Meet Vicky and Helen: two nurses who met on the job ten years ago and, over the past year, slowly made the transition into their engagement.

During her training, Helen’s mentor was friends with Vicky. ‘I definitely noticed her first’, Helen recalled. ‘We were friends for a while before we started dating. I remember I kept thinking, “god, she’s so great, she’s so cool, I need her in my life.” Turns out I just had a huge crush on her.’

In her words, meeting Vicky helped Helen realise what she wanted from life and what she needed in a partner.

Being in love with the right person can give you a lot of clarity on those sorts of things.

— Helen

 

This sense of integrity and mutual care went on to find a way into every aspect of their design journey.

‘We went to some high street jewellers and did a bit of hunting around in-person, but we actually did most of our searching online. It’s an easy way to get inspiration’.

They eventually came in for a consultation and found that working with a designer allowed them to pinpoint what types of design spoke most to them.

Same sex or queer couples are making new traditions when it comes to wedding jewellery. When both partners opt to wear an engagement ring instead of just one, this break from convention leaves couples the opportunity to do things their own way. Vicky and Helen chose not to design each other’s rings, but rather to design their own respective engagement rings at the same time.

‘I would never design an engagement ring for Vicky!’, Helen said with a laugh. ‘At the end of the day this is something she’ll be wearing her whole life. She needs to love it and it has to be exactly what she wants.’

 

I knew that her design would be made with us both in mind, I trust her to do that, so why shouldn’t she design her own ring?

— Helen

‘Sometimes doing the most practical thing turns out to be the most romantic thing, too. I guess we really are just that sensible!’ — Vicky

And given what it’s been like to work in healthcare over the past two years, a sense of groundedness has had to be at the heart of their relationship. ‘We’ve seen a lot of sadness in our jobs. You see how fast your entire life can change’. As they navigated a difficult world of loss and uncertainty at work, Helen and Vicky found the romance in sitting down to practically and rationally plan the next phase of their lives together.

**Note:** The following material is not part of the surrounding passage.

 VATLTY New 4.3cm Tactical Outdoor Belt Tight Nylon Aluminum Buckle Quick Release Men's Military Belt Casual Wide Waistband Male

Getting engaged wasn’t a grand romantic gesture, it was how they could ensure the other was being cared for. ‘When I told my grandma’, Helen said, ‘she agreed, and told us that caring for and protecting one another should always be at the heart of getting married’.

They both opted for diamond solitaire engagement rings in the end. For Helen, rich rose gold. For Vicky, a classic platinum setting. ‘When we were in our consultation one design that kept coming back to me was a ring we’d seen in an antique shop. It had a crown shaped basket that I loved and the rest of the design evolved around it’. Once Vicky saw Helen’s crown-inspired setting taking shape, she decided she wanted the same.

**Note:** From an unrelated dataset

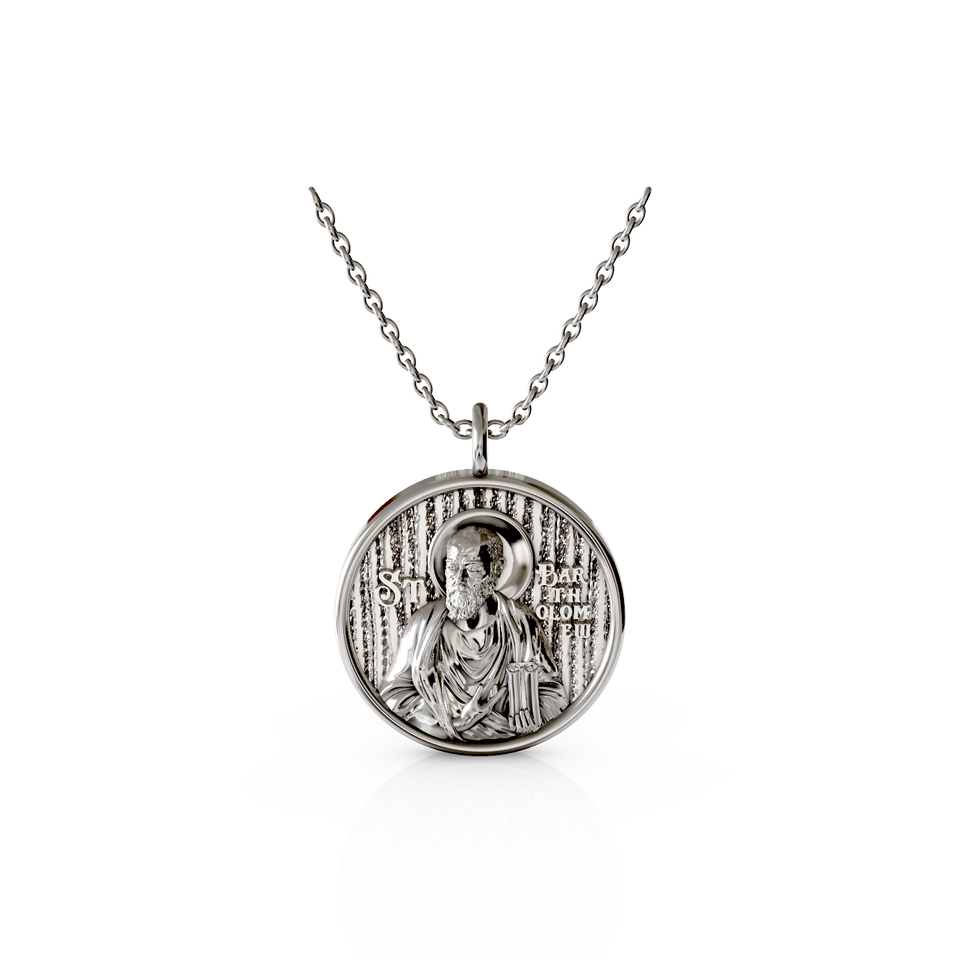 saint bartholomew religious pendan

Helen’s current role in nursing means she has to take off her ring when she leaves the house each day. ‘But I swear, as soon as I walk in the door I’m immediately reaching from my ring to put it back on my finger. It feels like a part of me, and a part of Vicky too’. 

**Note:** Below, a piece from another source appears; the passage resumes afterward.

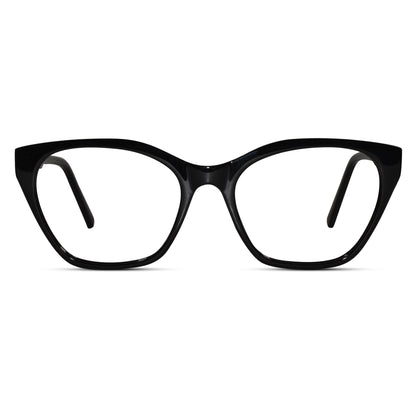 Black Cat-Eye Eyeglasses For Women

With a wedding planned for next year, Vicky and Helen have already started to think ahead to their wedding ring designs. ‘Because we have different metals for the engagement rings,’ Vicky said, laying her hand on her fiancée’s, ‘we’re probably going to do our wedding ring in the metal of the other person’s engagement ring. So I’ll have a rose gold band and she’ll do platinum. So that we can give a little something to each other’.

Vicky explained that while the designs themselves may not be loaded with symbolism like other people’s rings might be, ‘it was the design experience that was symbolic for us’. Being able to sit side by side and plan the next chapter of their lives together felt authentic to how they do all things in love.

Being together, having fun, working things out—that’s who we are, and that’s what it was like making these rings.